### Task requirements
Return the data exactly, without pictures.

### Data provided
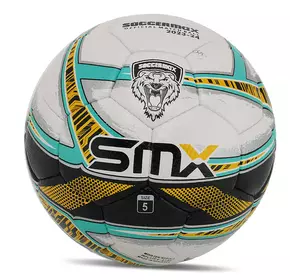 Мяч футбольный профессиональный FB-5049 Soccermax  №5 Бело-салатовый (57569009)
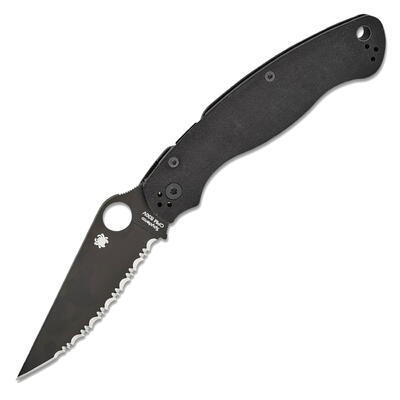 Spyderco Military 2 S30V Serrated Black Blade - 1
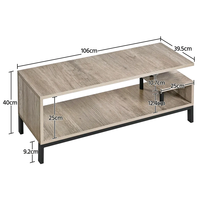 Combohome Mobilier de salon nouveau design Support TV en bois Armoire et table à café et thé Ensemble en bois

### Output below
 Мяч футбольный профессиональный FB-5049 Soccermax  №5 Бело-салатовый (57569009)
 Spyderco Military 2 S30V Serrated Black Blade - 1
 Combohome Mobilier de salon nouveau design Support TV en bois Armoire et table à café et thé Ensemble en bois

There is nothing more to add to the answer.